Edit: Yup, from previous discussion: https://news.ycombinator.com/item?id=8957565

reledi · 11 years ago
One big difference is the UI. Silver Searcher is used on the command line whereas Hound is used in a webpage.

Edit: A command line version is also on the way.

escherize · 11 years ago
I've been using helm-projectile's helm-projectile-ag in emacs (on prelude) a lot lately. It's very nice to have live filtering while you type a query, and the ability to search for symbol at point.

https://tuhdo.github.io/helm-projectile.html

bullfightonmars · 11 years ago
rking's ag.vim provides a UI to Silver Searcher in vim, it is effectively similar to this, plus it's right in your next editor! https://github.com/rking/ag.vim

That said Hound looks like a nice tool. I'm giving it a try.

reledi · 11 years ago
I was a little confused by the title because thoughtbot has an open sourced tool also named Hound [1].

1: https://houndci.com

andrewjkerr · 11 years ago
Same here. Since they're both dealing with code I think the name confusion is a pretty big deal.
bucky · 11 years ago
This has basically replaced ack for me. I was dubious of a web -based search tool when Kelly first sent an email about it, but after trying it a couple of times, I abandoned ack.
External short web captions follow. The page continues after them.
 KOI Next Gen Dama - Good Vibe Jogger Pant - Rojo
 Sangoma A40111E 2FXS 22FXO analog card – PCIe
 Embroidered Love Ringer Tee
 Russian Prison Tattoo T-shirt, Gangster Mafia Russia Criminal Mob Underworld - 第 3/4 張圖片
It being linkable is extra icing on the cake for me.
knodi123 · 11 years ago
I really feel the burn with simple "find globally" in my IDE... but I won't use this unless it can integrate into an IDE or advanced editor.

Is there a sublime or textmate plugin?

spdustin · 11 years ago
Yes. It's linked in the article.

https://github.com/bgreenlee/SublimeHound

derobert · 11 years ago
From the article: "…but with a command line version on the way and a Sublime Text plugin already live…"
sciurus · 11 years ago
For another example of a code search service written in Go, see the software powering http://codesearch.debian.net

https://lwn.net/Articles/627609/

https://github.com/Debian/dcs

prezjordan · 11 years ago
Looks like the config requires you to specify repo URLs (only GitHub?). Can't seem to get a private repo to work.
JimmyL · 11 years ago
If you're experimenting, use `git config --global credential.helper 'store'` to set git to store your credentials in a plain-text file. Then (if you're on GitHub), generate a personal access token (https://help.github.com/articles/creating-an-access-token-fo...), and then use that as the password - once you've entered it once, it should be stored and not prompted for again.
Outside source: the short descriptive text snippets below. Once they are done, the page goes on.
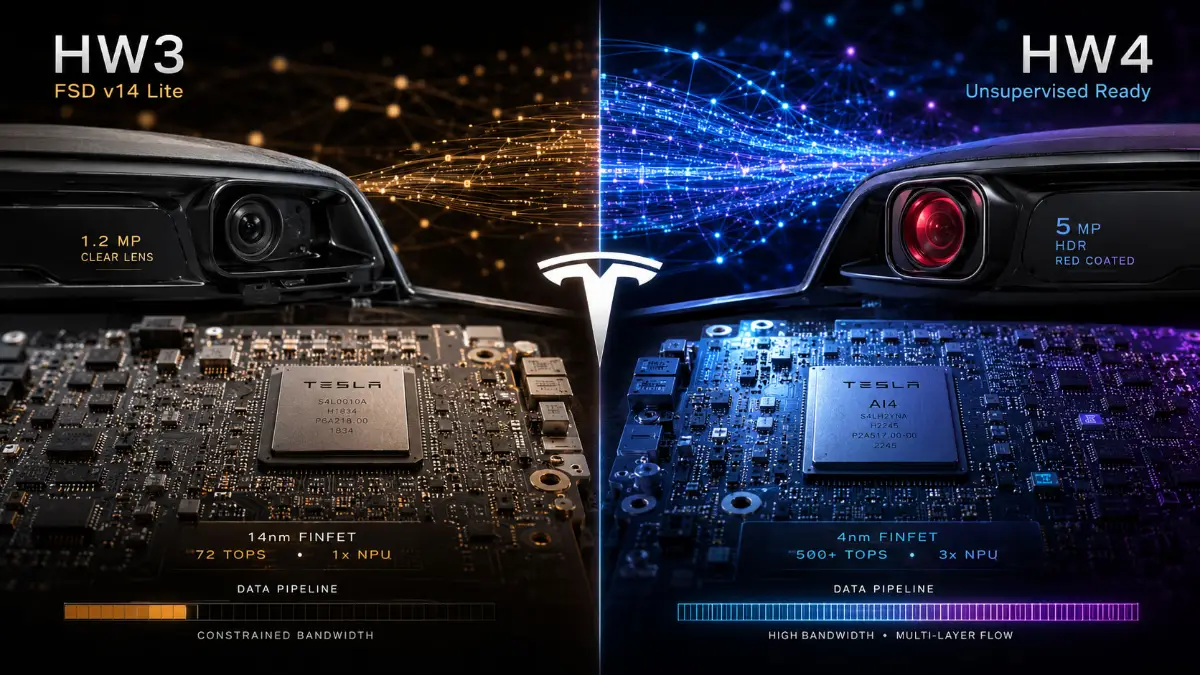 Tesla HW3 vs HW4 FSD Differences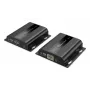 Extensor HDMI IP DIGITUS Set - 4K/60Hz 120/200 m, um para muitos, CAT, preto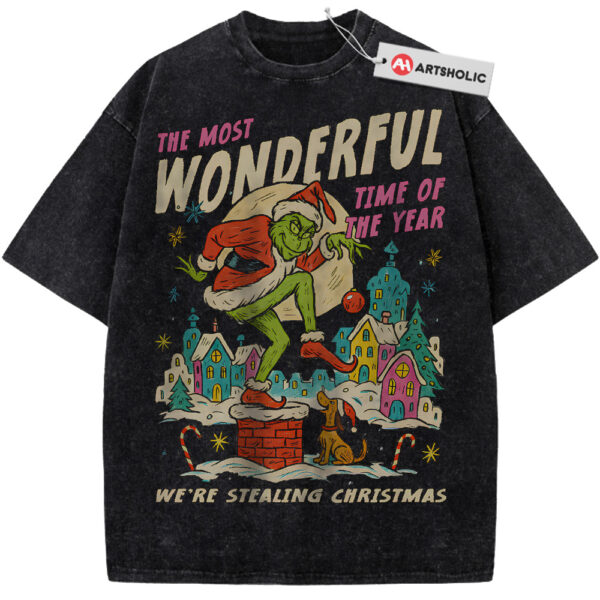 The Grinch Shirt, Christmas Shirt, Animated Shirt, Vintage Tee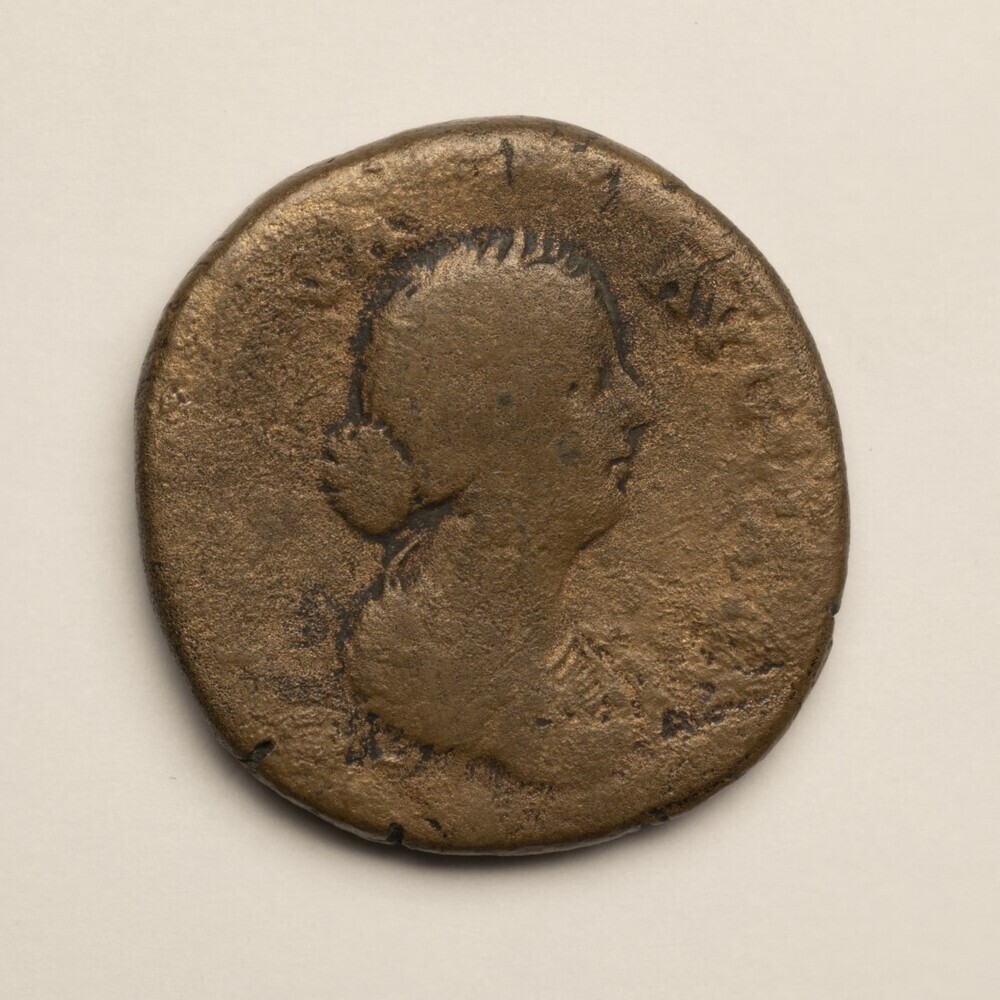 Sestertius, Marcus Aurelius, Faustina Jr. (Groningen)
Please remember how insecure this is.

mikenj · 11 years ago
"file:///"-based URLs also appear to work. Clone your private repo and point Hound at your local clone.
PaulHoule · 11 years ago
I've wanted one of these for Java, that reads my POM file and searches over the dependencies of my project.
mdaniel · 11 years ago
Do you mean outside of an IDE, because as the sibling comment notes: both IntelliJ and other inferior editors do this.

If you mean from the command-line, then, yes, it likely take some use of mvn dependency:tree and javap invocations (or unzip for the deps that ship -sources.jar artifacts)

BetaCygni · 11 years ago
Eclipse does this.
stephenmm · 11 years ago
I have been using Google Code Search (https://code.google.com/p/codesearch/) and find it indispensable.
junkblocker · 11 years ago
I am maintaining a fork of it at https://github.com/junkblocker/codesearch where I've added some niceties.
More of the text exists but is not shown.